La sinceridad brotó aquella mañana en que habló con crudeza para trasmitirme su intensión de heredarme el manuscrito de su Tratado de los colgados, que tanto le aterrorizaba heredarme. Mi padre había pertenecido a la secta de los conocedores de estos rituales, y estaba orgulloso de considerarse uno de los seleccionados a vigilar este tipo de intentos de suicidios, que requería de un particular asesoramiento moral, académico y científico.

            Sus reglas se cumplían al pie de la letra y la norma principal destacaba por ofrecer la medida exacta entre el piso con la altura de los pies. Si uno lo practicaba tenía que medir exactamente los cincuenta centímetros de la separación con la tierra; de esta distancia para arriba ya no importaba ninguna frontera. Lo esencial estaba en aquel espacio o vacío entre los pies y el suelo. Todo esto me pareció absolutamente obvio, y tuve la seguridad de que se trataba de una broma genial.

            Nunca se me van a olvidar las ocasiones en que puso en práctica algunas de sus lecciones.  Durante varios días mostraba sus habilidades en el diseño de diversos tipos de nudos y amarres aprendidos cuando se desempeñó, según su ficción, como marinero. Más tarde adquirió las tablas y durmientes; construyó el banco y el poste de madera que funcionaban como patíbulo. Muchas veces intentó simular que me colgaba, y cuando notaba que estaba yo a punto de perder el conocimiento, deshacía la presión de la soga frente a mis leves sonidos de agradecimiento. 

Muchas veces me pidió que prometiera no contarle a nadie de este tipo de juegos, y menos a los miembros de mi familia. En alguna ocasión, mi padre pretendió llevar a cabo su propia actuación, pero nada más se permitió llegar al suave vaivén y no realizó el ahogamiento completo, sin ruidos exagerados o apretones extras de la soga.

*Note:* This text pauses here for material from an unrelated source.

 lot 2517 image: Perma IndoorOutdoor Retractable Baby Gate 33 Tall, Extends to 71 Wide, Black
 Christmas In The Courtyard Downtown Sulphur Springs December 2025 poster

A las pocas veces, en su habitación durante unos minutos me puse nervioso, nos miramos, como extraños, uno al otro. Sin convicción lo abracé presionándolo en mi pecho. Por fortuna en aquel espacio no había otra persona que estuviera de testigo. Todos los recuerdos se esfumaron como burbujas transparentes hacia el techo. Sentí lástima al aceptar que todo se perdería al final en la memoria de mi padre. Todavía intenté convencerlo de los tratamientos con radiaciones y quimioterapia. Suavemente se separó de los latidos de mi corazón, encogió los hombros y me dijo que me iba a sacar a escobazos del hospital.

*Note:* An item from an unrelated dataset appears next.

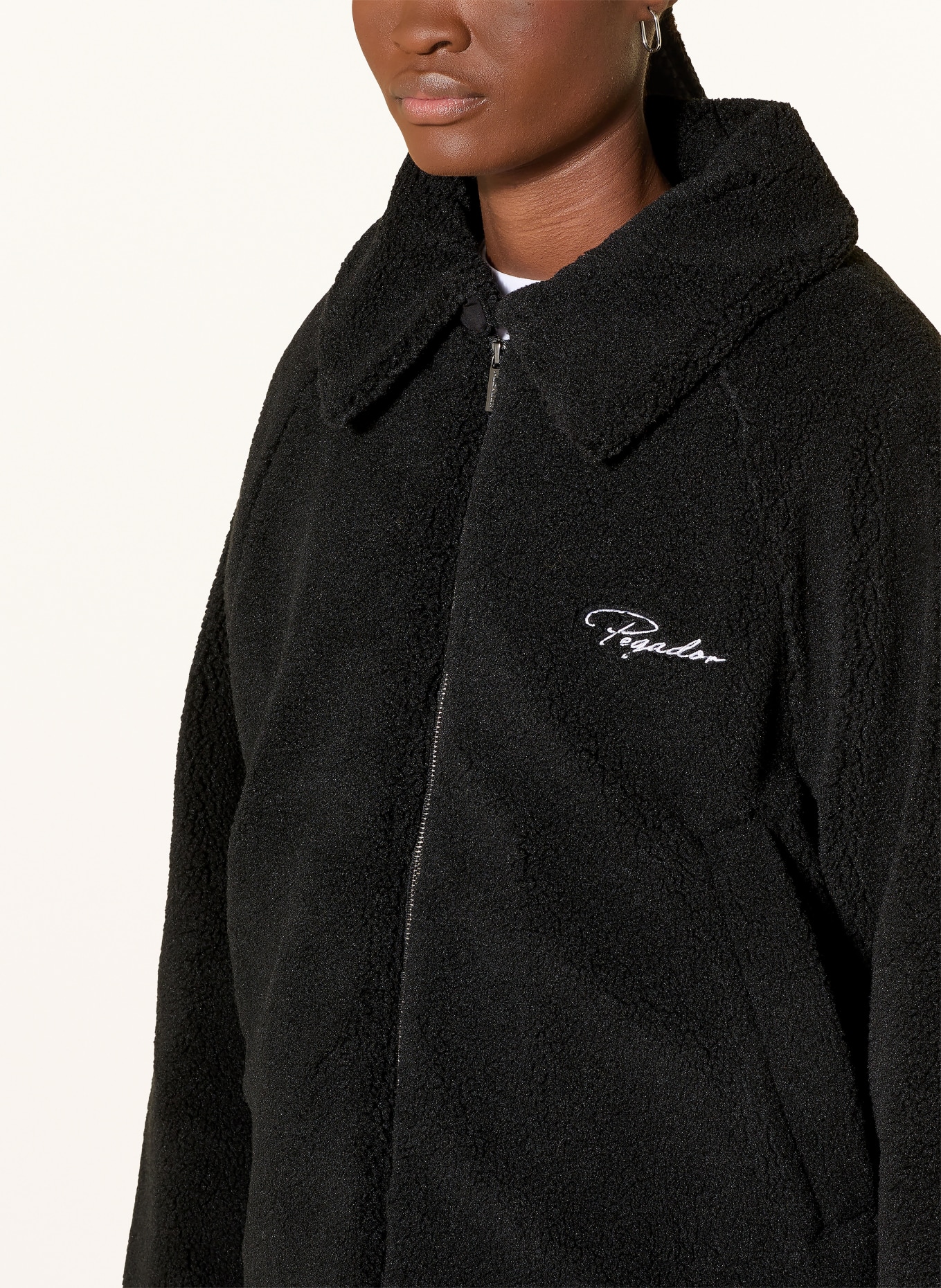 PEGADOR Teddyfell-Jacke LAJA: SCHWARZ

            Me sentí avergonzado por no obedecerle y, a través de la niebla del tiempo, mi padre dejó de respirar para siempre. Me aproximé a su cabeza, y en su oído derecho lo despedí con la definición de empatía, y por supuesto no funcionó la interacción. Lo despedimos en absoluto silencio, pero la fortaleza que mostró mi madre fue valiosa porque lo vistió acomodándole en las bolsas del pantalón la cinco micacitas que volvieron a su lugar de origen con la madre naturaleza. 

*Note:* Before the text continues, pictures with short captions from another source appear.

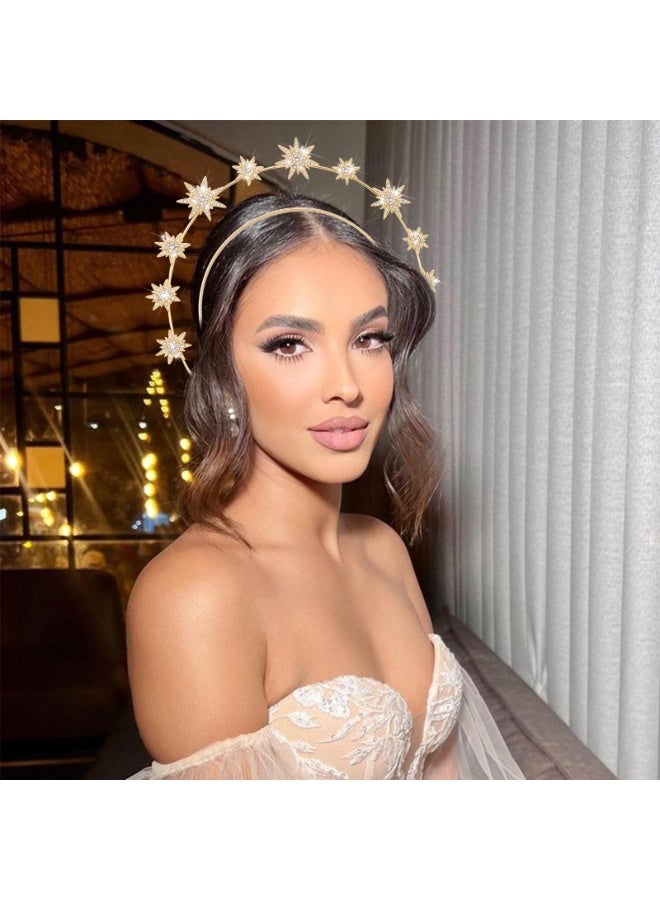 Halo Crown for Women & Girls, Moon Stars Goddess Crown, Halo Headband Crystal Tiaras and Crowns for Ramadan, Bridal Wedding Prom Birthday Cosplay Party Hair Accessories (Star) - Image 3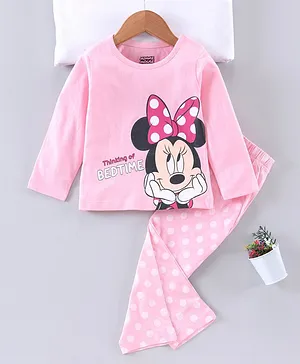 Babyhug Full Sleeves T-Shirt & Pajama Set Minnie Graphic - Pink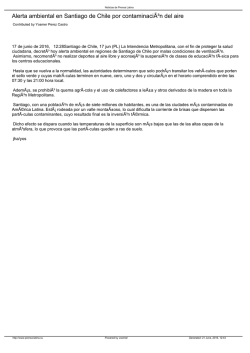 Alerta ambiental en Santiago de Chile por
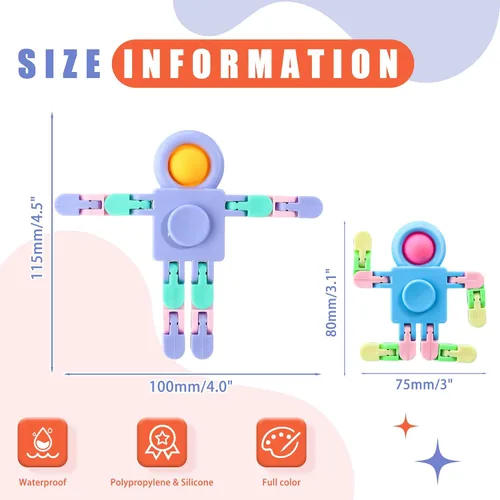 Vista 2 de Hanaive 8 piezas robot Fidget Spinners transformable con cadena de giroscopio para dedos, deformable, para aliviar el estrés, juguetes sensoriales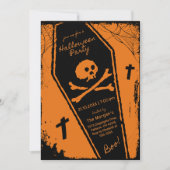 Zwarte & Oranje Hand Getrokken Kist Halloween Part Kaart (Voorkant)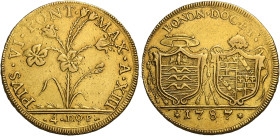 Bologna. Pio VI (Giovanni Angelo Braschi), 1775-1799. 
Da 4 doppie romane anno XIII/1787, AV 21,86 g. PIVS VI PONT – MAX AN XIII Pianta di giglio; al...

Meses después del funeral de mi padre, asistí a participar en un Congreso Mundial de Filosofía. Durante la lectura de mi ponencia, me puse a escribir en la mente este relato, y me olvidé del público asistente. En un estado casi de inconsciencia, armé la estructura narrativa y escribí las líneas finales a la historia.             Desperté de aquel letargo, y reaccioné con los aplausos de los participantes del evento. Sin darme cuenta agradecí la ovación. A los pocos minutos inició el espacio de las preguntas. Sólo me interesó la relacionada con la muerte. Sin miedo para concluir mi intervención, repetí la contestación de Borges sobre de que su padre nunca había regresado a contarle si existía otra vida. Cuando una mujer me señaló que mis investigaciones eran una copia o continuidad de los trabajos de José Ortega y Gasset y María Zambrano, le di las gracias por su aclaración, porque efectivamente había asistido a conferencias y cátedras de la autora de obras fundamentales, entre ellas siempre citaba ante el público fragmentos de sus libros Los sueños y el tiempo y El sueño creador.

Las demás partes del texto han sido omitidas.